Little Drummer Boy???
I know many people with very strong opinions about when you can and can’t play Christmas music. Most of the debate rages over “How early is too early?” Must one really wait until after Thanksgiving? Regardless of where you stand on that dilemma, most likely you stop listening to it on December 26, unless you are really into Christmas music. So, apologies if you’re appalled by a January 2nd posting. However, we still have four days in the twelve days of Christmas that lead up to Epiphany. (If you thought the 12 days of Christmas were a countdown of how many shopping days you have left, click the link and learn about the tradition of Christmastide.) This is still a season of adoring Jesus in a manger…
And, as the Inn starts, I have one more reflection as we gaze upon this child. Unfortunately, the reflection surrounds what is honestly one of my least favorite Christmas songs:
This is called the “perfect version,” so I had to share. I think this song usually just wears me out with the repetitive “Pa rum pa pum pum” -ness of it all. It’s almost as bad as fa la la la la la la la la la la la la la or whatever. But, I have to admit that something about the non drumbeat lyrics struck me upon a recent hearing of the song.
Little Drummer Boy (henceforth LDB) is not a song you will sing in church and it tells the story of a little boy’s journey to see the baby Jesus. To be clear, this is also not a story you read about in the Bible. The protagonist of the song, though, teaches us a valuable lesson that is mostly in these lines (drumbeats omitted):
I have no gift to bring,
That’s fit to give a King…
Shall I play for You,
On my drum?
Looking around, LDB must have seen the gifts the wise men brought and felt the same way you and I feel when we arrive at a party empty-handed when everyone else brought something for the host/hostess.

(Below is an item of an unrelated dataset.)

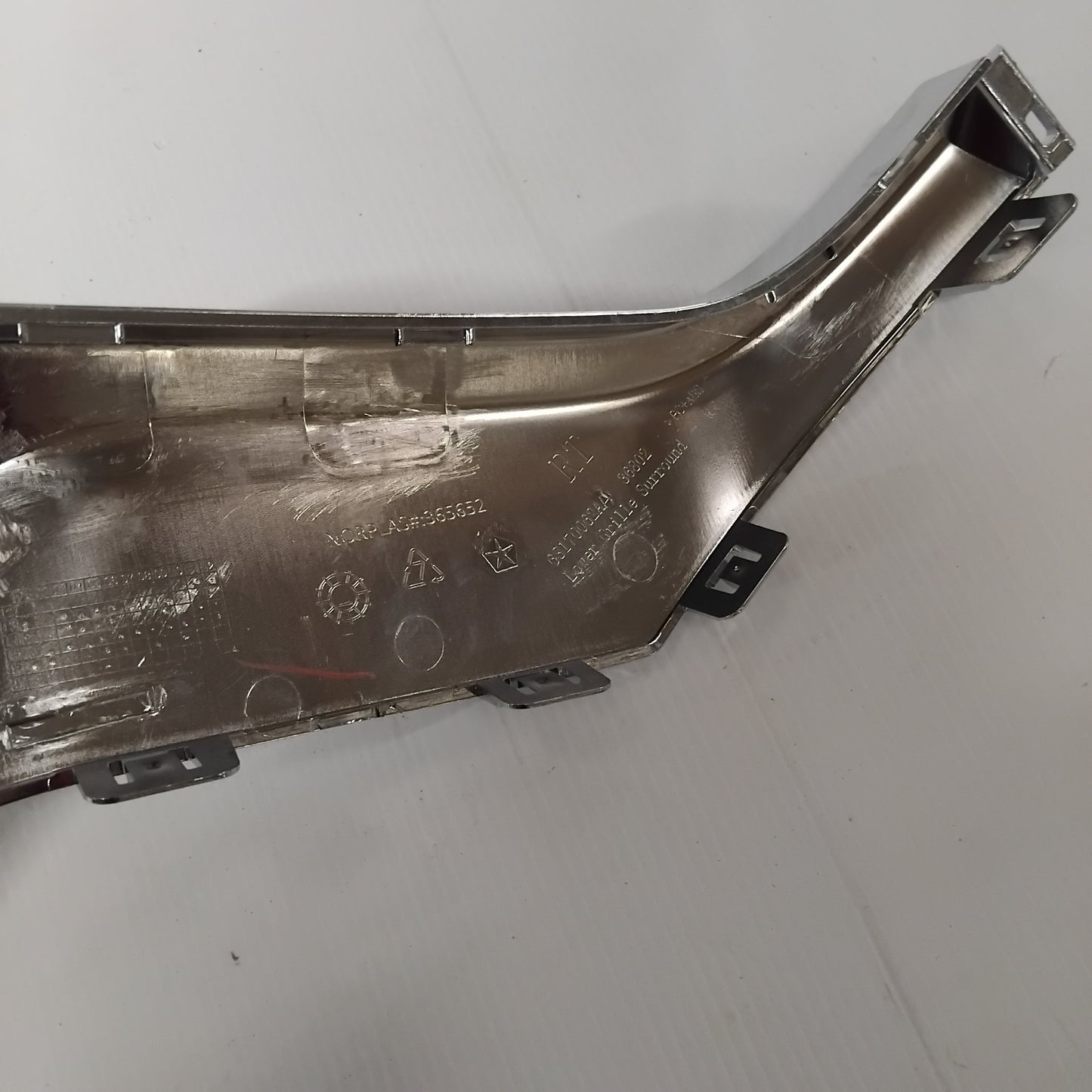 Genuine Bumper Moulding - Jeep Grand Cherokee | K68170062AB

How often do you long to be faithful, long to approach Jesus — gaze upon Him — and yet feel unworthy to do so… What do *I* have to offer Jesus, after all? The answer we learn from this song, whether we like the tune of it or not, is simply this: whatever we have. Jesus is not asking You to bring something to the table you don’t have — in the case of LDB, he didn’t need to find some gold or myrrh to approach Jesus. In our case, we don’t have to be someone we’re not, comparing ourselves and our gifts to others. Instead, Jesus just asks us to bring what we have, with open hands, and to bless him with it.
Tomorrow night (1/3), we start a new series at the Inn, I Become, which centers on our transformation when we’re in relationship with Jesus. I hope this song is a reminder to us that the journey of transformation starts wherever we are, whoever we are now. The important action we must take is to bring ourselves to Jesus first.